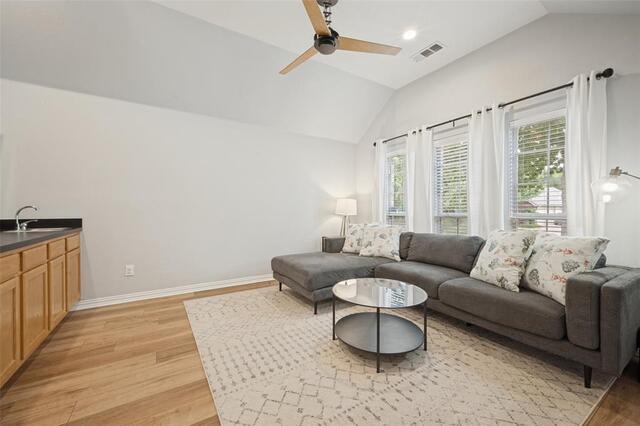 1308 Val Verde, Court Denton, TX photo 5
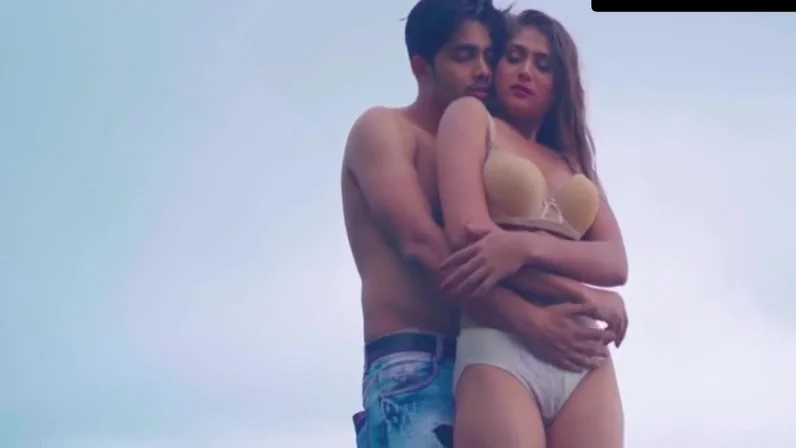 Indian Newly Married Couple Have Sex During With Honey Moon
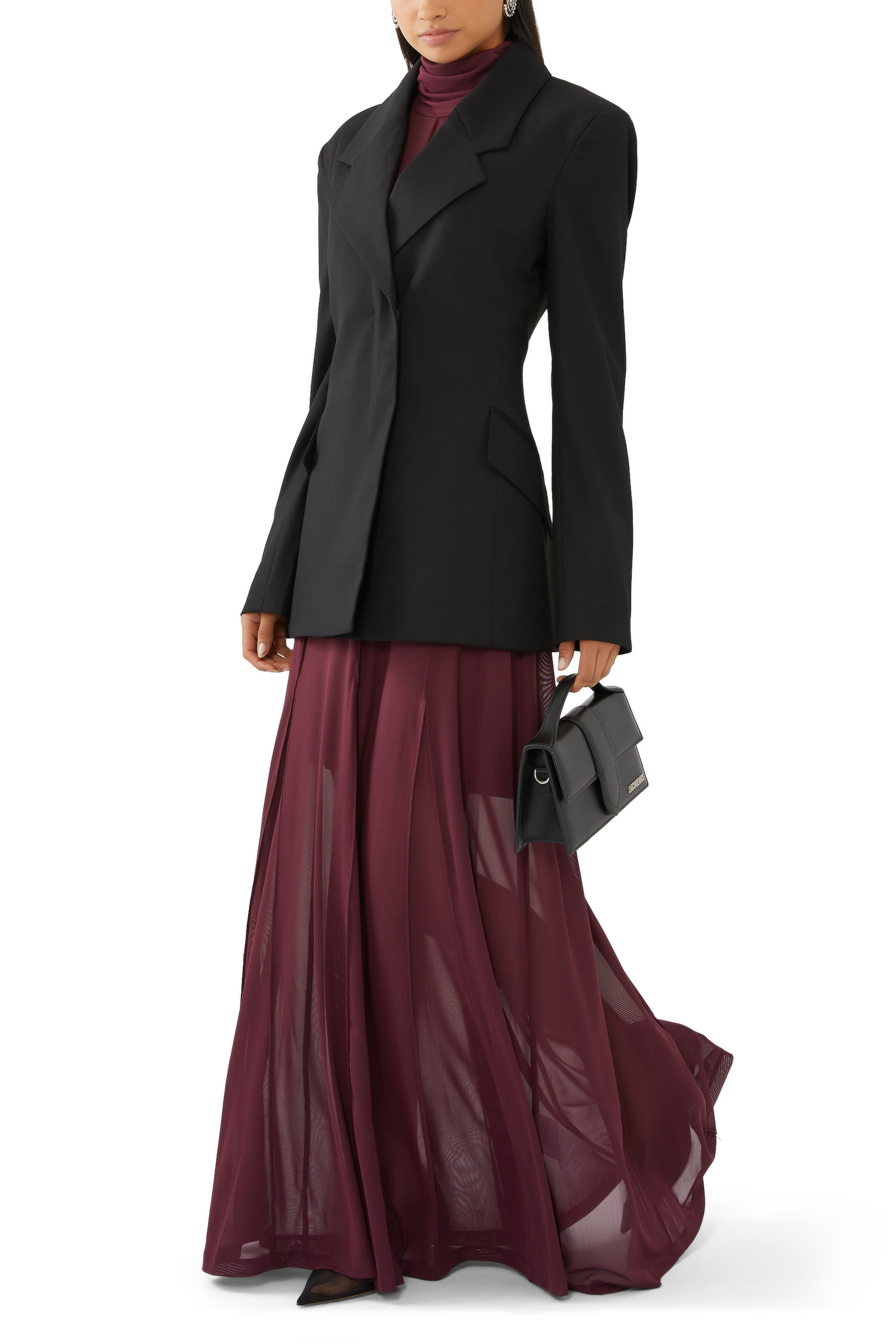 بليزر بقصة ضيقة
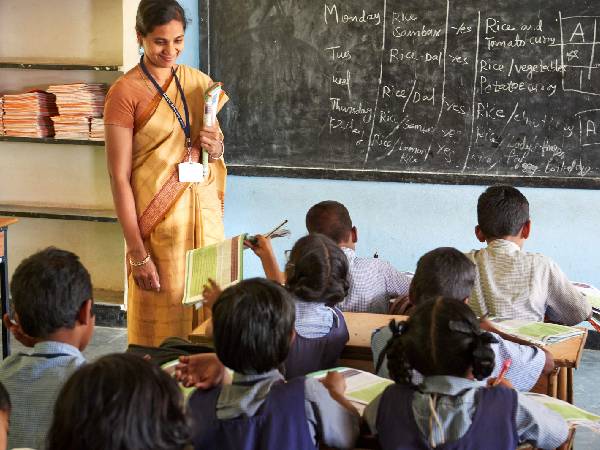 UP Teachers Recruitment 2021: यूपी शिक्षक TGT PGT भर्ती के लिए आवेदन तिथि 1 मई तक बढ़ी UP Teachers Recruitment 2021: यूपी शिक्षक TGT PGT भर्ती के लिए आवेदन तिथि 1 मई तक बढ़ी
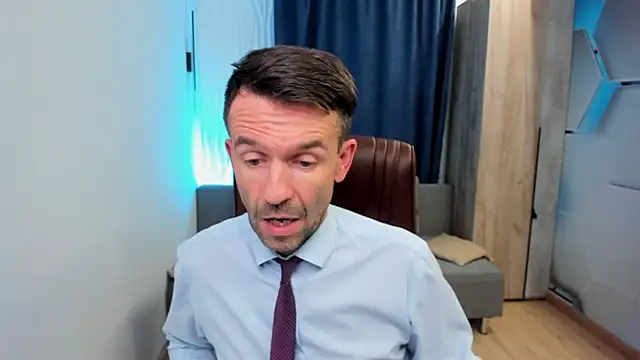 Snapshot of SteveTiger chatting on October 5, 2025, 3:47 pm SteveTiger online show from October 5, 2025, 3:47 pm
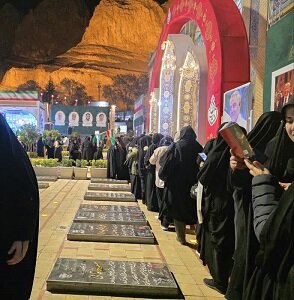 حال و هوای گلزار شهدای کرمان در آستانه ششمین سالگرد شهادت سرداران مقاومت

**Assignment**
Reproduce the full listing faithfully, but do not carry over any pictures.

**Answer box**
 1308 Val Verde, Court Denton, TX photo 5
 Indian Newly Married Couple Have Sex During With Honey Moon
 بليزر بقصة ضيقة
 UP Teachers Recruitment 2021: यूपी शिक्षक TGT PGT भर्ती के लिए आवेदन तिथि 1 मई तक बढ़ी UP Teachers Recruitment 2021: यूपी शिक्षक TGT PGT भर्ती के लिए आवेदन तिथि 1 मई तक बढ़ी
 Snapshot of SteveTiger chatting on October 5, 2025, 3:47 pm SteveTiger online show from October 5, 2025, 3:47 pm
 حال و هوای گلزار شهدای کرمان در آستانه ششمین سالگرد شهادت سرداران مقاومت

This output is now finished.